__PROBLEM REQUIREMENTS__. Write out every record exactly as it appears. Skip the pictures.

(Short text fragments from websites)

^^^^^^^^

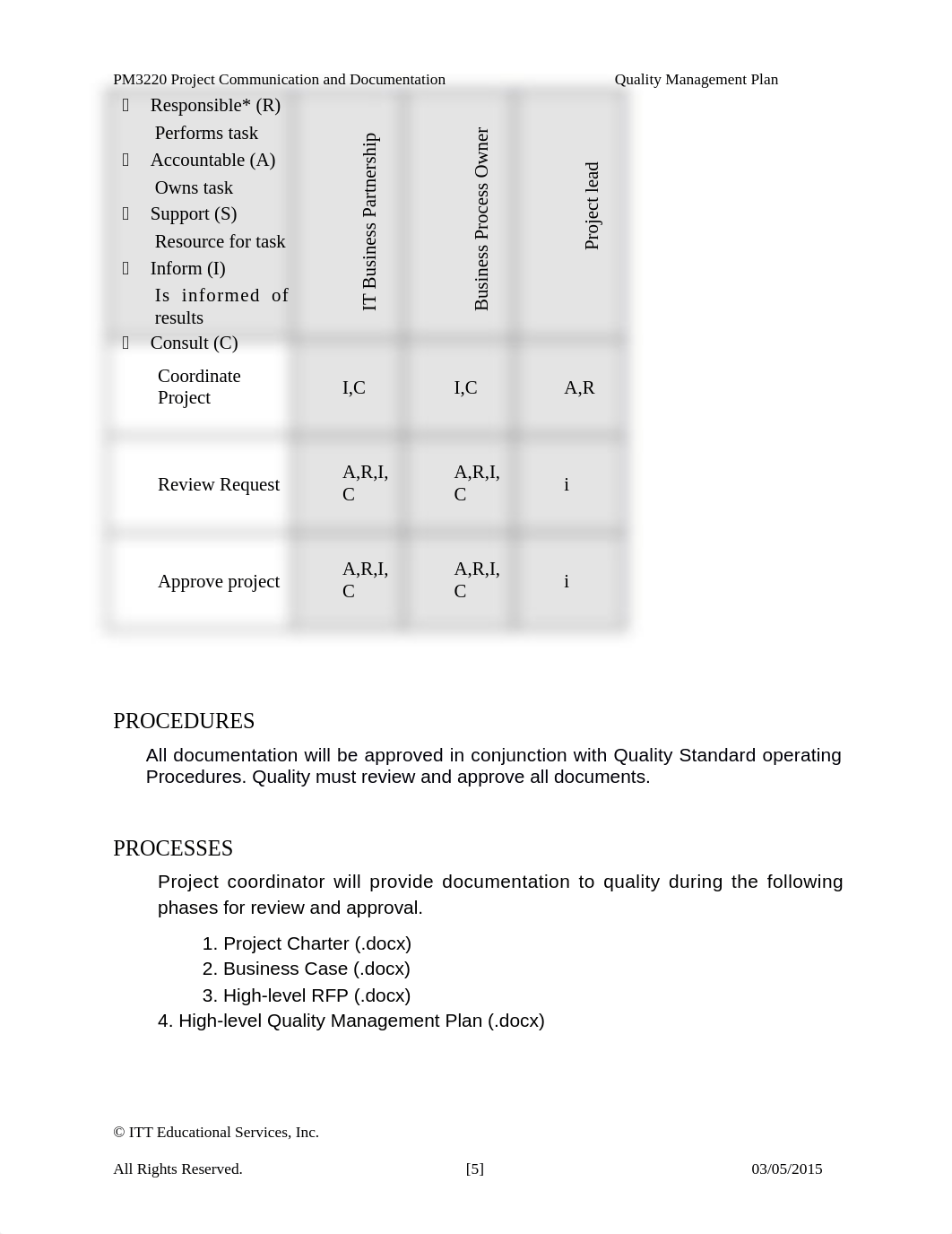 High-level Quality Management Plan Project 1_dsfgyhf3dst_page5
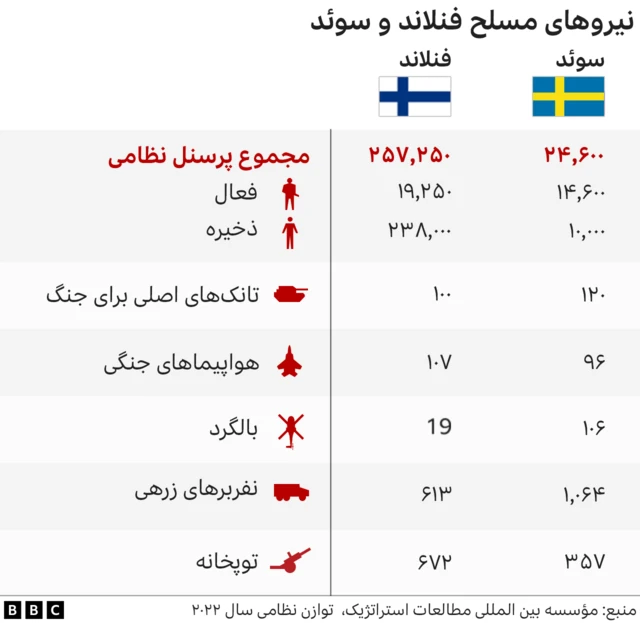 نیروهای مسلح سوئد و فنلاند
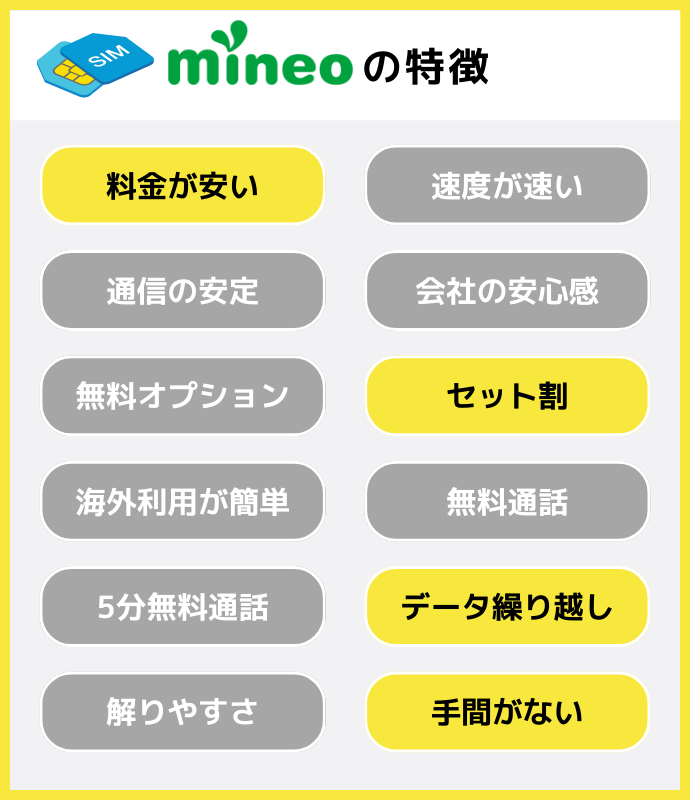 mineoの特徴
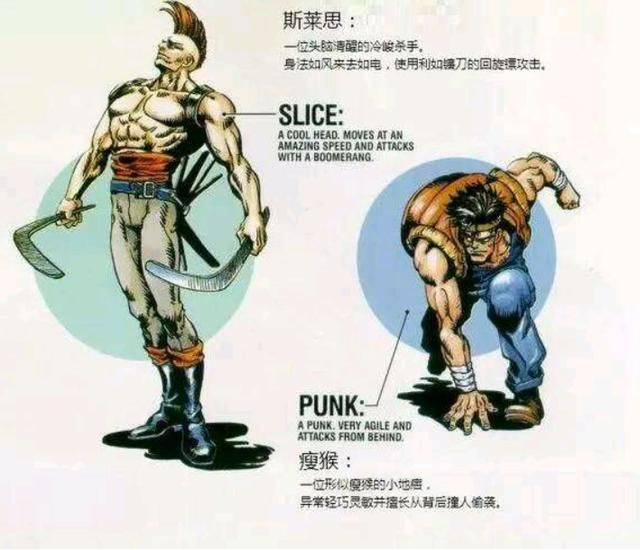 当年你在街机厅玩《恐龙快打》一币玩到多少关？老实说，我第二关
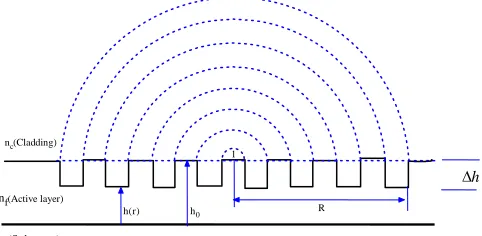 Figure 1: Cross section of analyzed circular symmetric DFB semiconductor laser 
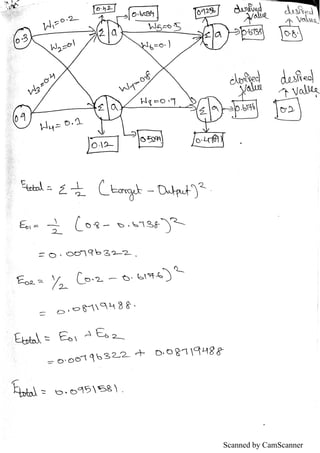 Deep learning - Back propagation, gradient descent and chain rule ...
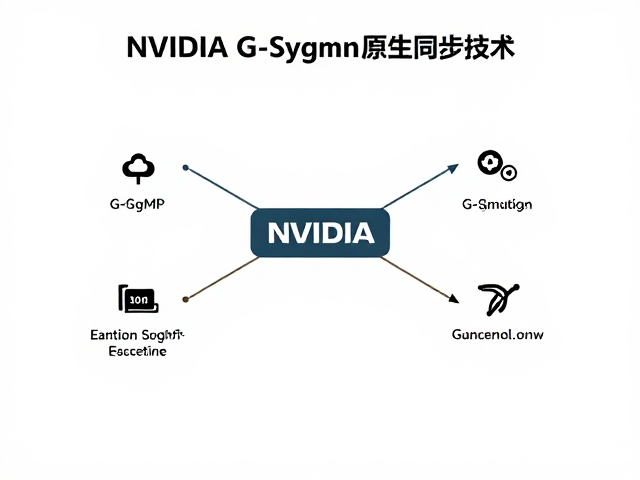 NVIDIA G-Sync原生同步技术,高刷新率稳定性与显卡驱动更新指南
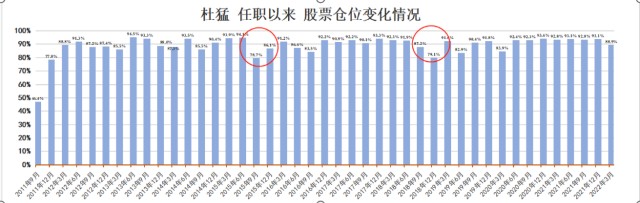 10年长跑老将中，业绩最强的居然是他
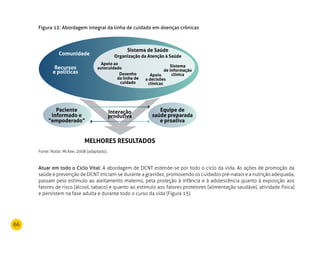 66
Figura 12: Abordagem integral da linha de cuidado em doenças crônicas
Fonte: Nolte; McKee, 2008 (adaptado).
Atuar em todo o Ciclo Vital: A abordagem de DCNT estende-se por todo o ciclo da vida. As ações de promoção da
saúde e prevenção de DCNT iniciam-se durante a gravidez, promovendo os cuidados pré-natais e a nutrição adequada,
passam pelo estímulo ao aleitamento materno, pela proteção à infância e à adolescência quanto à exposição aos
fatores de risco (álcool, tabaco) e quanto ao estímulo aos fatores protetores (alimentação saudável, atividade física)
e persistem na fase adulta e durante todo o curso da vida (Figura 13).
Paciente
informado e
“empoderado”
Equipe de
saúde preparada
e proativa
MELHORES RESULTADOS
Sistema de Saúde
Organização da Atenção à Saúde
Apoio ao
autocuidado
Comunidade
Recursos
e políticas Desenho
da linha de
cuidado
Apoio
a decisões
clínicas
Sistema
de informação
clínica
Interação
produtiva
 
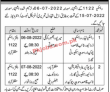 1122 Rescue Jobs 2022 | 1122 Emergency Rescue Service Regional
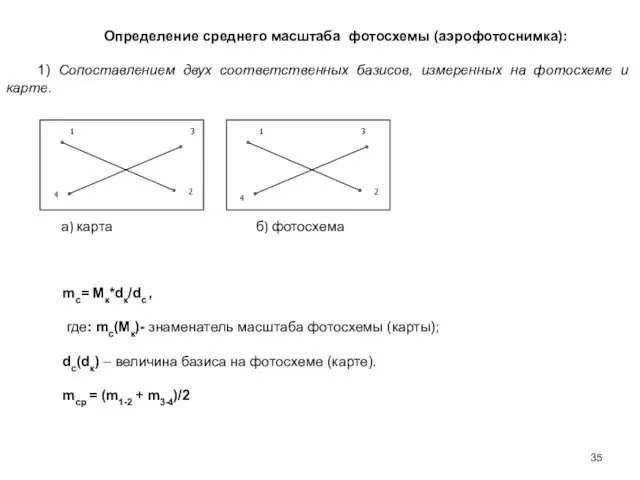 Определение среднего масштаба фотосхемы (аэрофотоснимка): 1) Сопоставлением двух соответственных базисов,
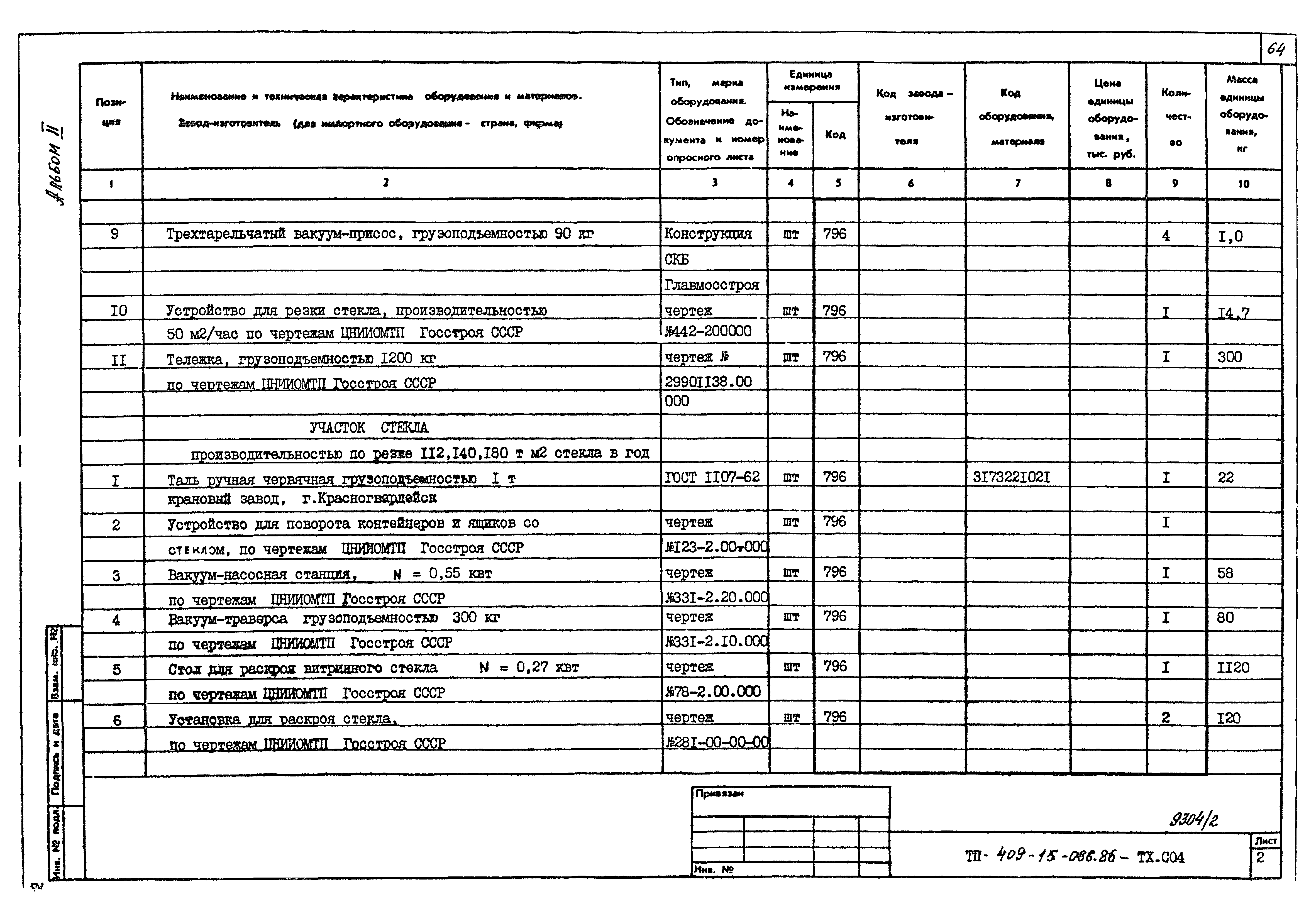 Типовой проект 409-15-086.86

^^^^^^^^

__FINISHED EXERCISE__.
 High-level Quality Management Plan Project 1_dsfgyhf3dst_page5
 نیروهای مسلح سوئد و فنلاند
 mineoの特徴
 当年你在街机厅玩《恐龙快打》一币玩到多少关？老实说，我第二关
 Figure 1: Cross section of analyzed circular symmetric DFB semiconductor laser 
 Deep learning - Back propagation, gradient descent and chain rule ...
 NVIDIA G-Sync原生同步技术,高刷新率稳定性与显卡驱动更新指南
 10年长跑老将中，业绩最强的居然是他
 66
Figura 12: Abordagem integral da linha de cuidado em doenças crônicas
Fonte: Nolte; McKee, 2008 (adaptado).
Atuar em todo o Ciclo Vital: A abordagem de DCNT estende-se por todo o ciclo da vida. As ações de promoção da
saúde e prevenção de DCNT iniciam-se durante a gravidez, promovendo os cuidados pré-natais e a nutrição adequada,
passam pelo estímulo ao aleitamento materno, pela proteção à infância e à adolescência quanto à exposição aos
fatores de risco (álcool, tabaco) e quanto ao estímulo aos fatores protetores (alimentação saudável, atividade física)
e persistem na fase adulta e durante todo o curso da vida (Figura 13).
Paciente
informado e
“empoderado”
Equipe de
saúde preparada
e proativa
MELHORES RESULTADOS
Sistema de Saúde
Organização da Atenção à Saúde
Apoio ao
autocuidado
Comunidade
Recursos
e políticas Desenho
da linha de
cuidado
Apoio
a decisões
clínicas
Sistema
de informação
clínica
Interação
produtiva
 
 1122 Rescue Jobs 2022 | 1122 Emergency Rescue Service Regional
 Определение среднего масштаба фотосхемы (аэрофотоснимка): 1) Сопоставлением двух соответственных базисов,
 Типовой проект 409-15-086.86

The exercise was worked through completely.